[Dataset items]

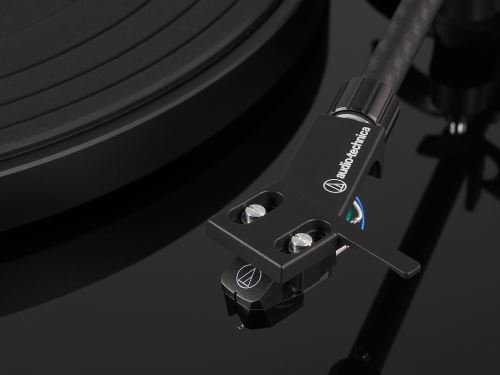 Platine-vinyle-Audio-Technica-AT-LPW50PB-Noir-4.jpg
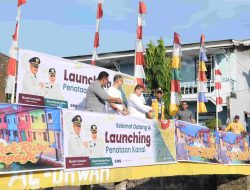 Komitmen Jaga Kebersihan Lingkungan, Wali Kota Munafri Pimpin Kerja Bakti dan Penanaman Pohon di Kanal Jongaya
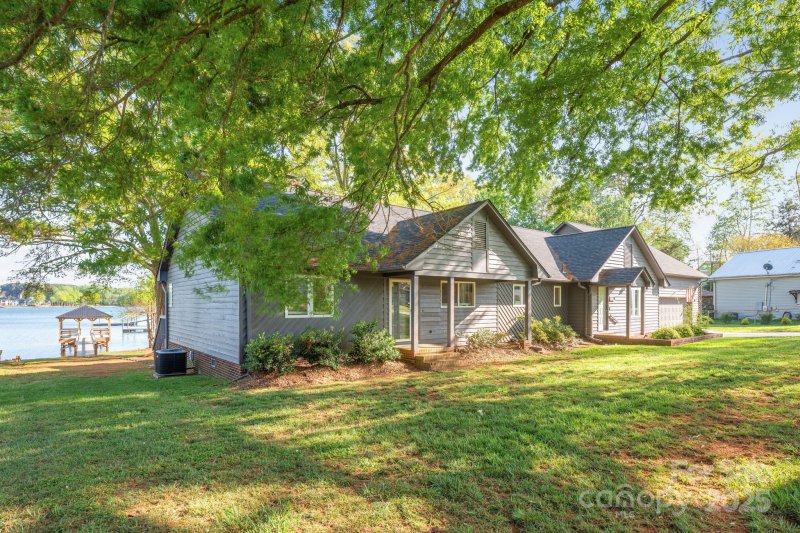 Property image 3 at 235 Commodore Loop, Mooresville, NC 28117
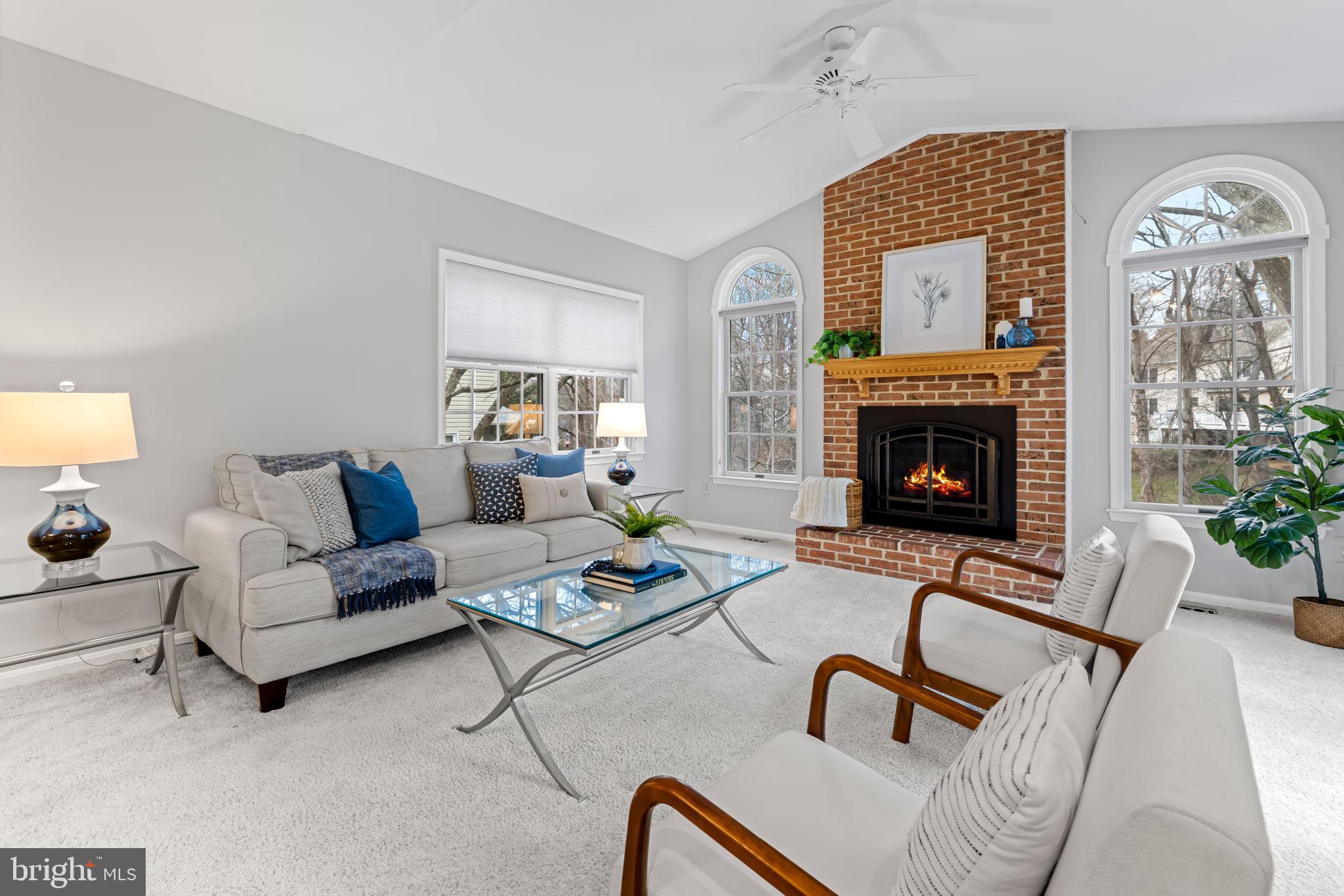 RIVER HILL - Residential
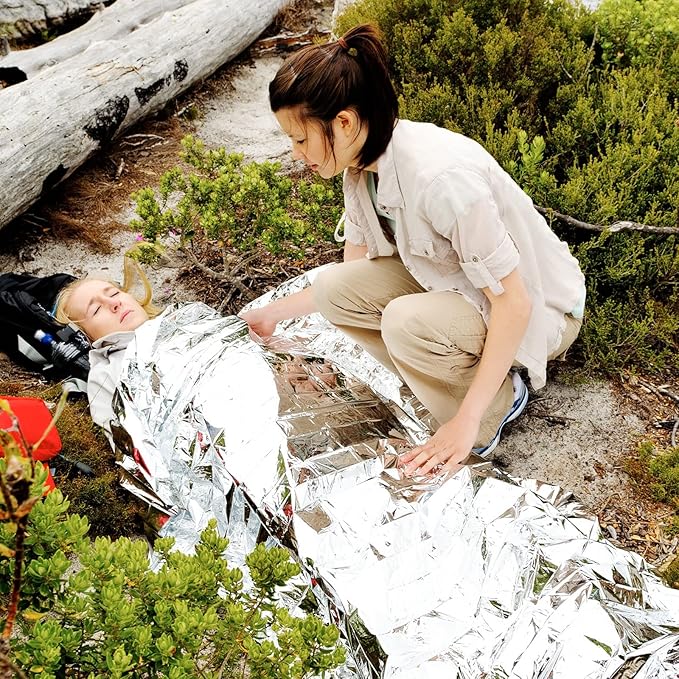 Chumia Emergency Thermal Blanket Bulk 83 x 63 Gigantic Foil Space Blanket Survival Reflective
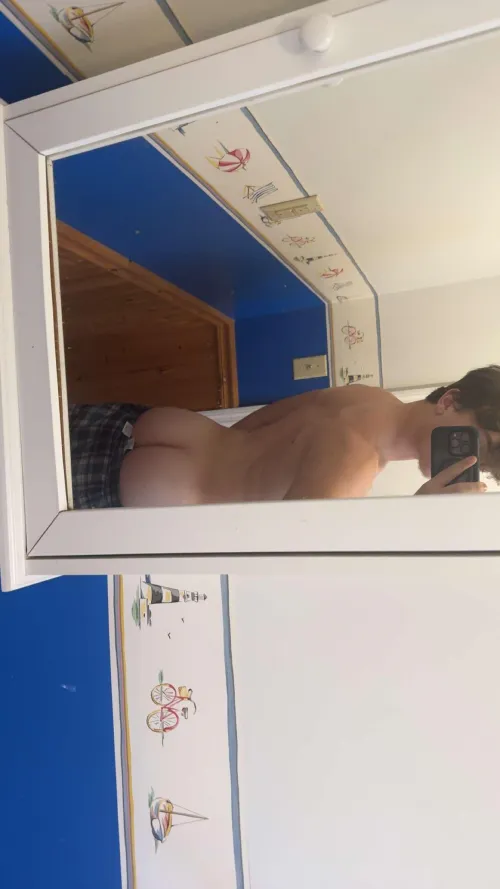 18 if you are boring i wont reply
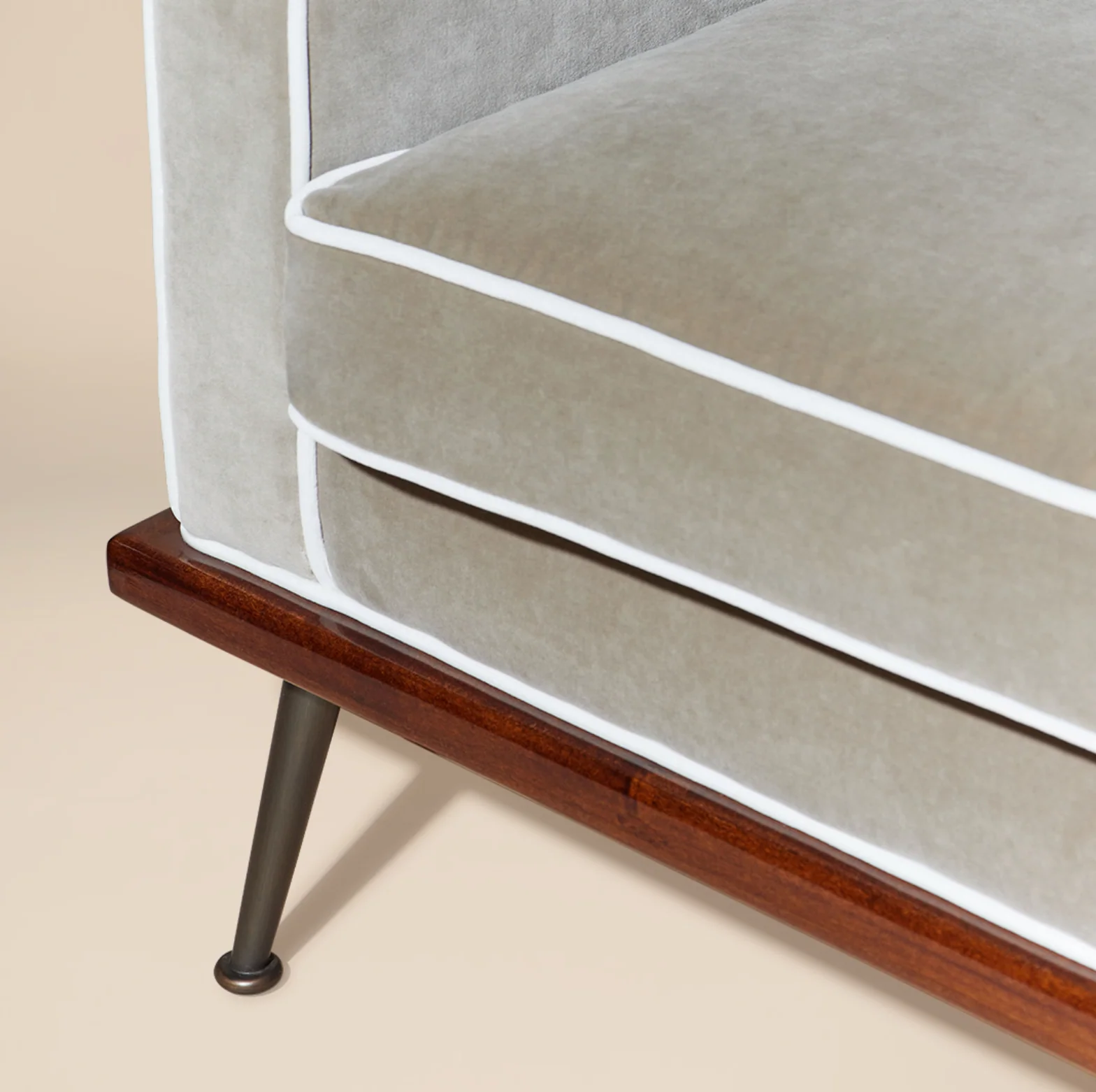 Beverly Sofa - Arms - Image 3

▶ [Problem statement]: Transcribe the records above exactly, excluding every picture.

▶ [Finished exercise]:
 Platine-vinyle-Audio-Technica-AT-LPW50PB-Noir-4.jpg
 Komitmen Jaga Kebersihan Lingkungan, Wali Kota Munafri Pimpin Kerja Bakti dan Penanaman Pohon di Kanal Jongaya
 Property image 3 at 235 Commodore Loop, Mooresville, NC 28117
 RIVER HILL - Residential
 Chumia Emergency Thermal Blanket Bulk 83 x 63 Gigantic Foil Space Blanket Survival Reflective
 18 if you are boring i wont reply
 Beverly Sofa - Arms - Image 3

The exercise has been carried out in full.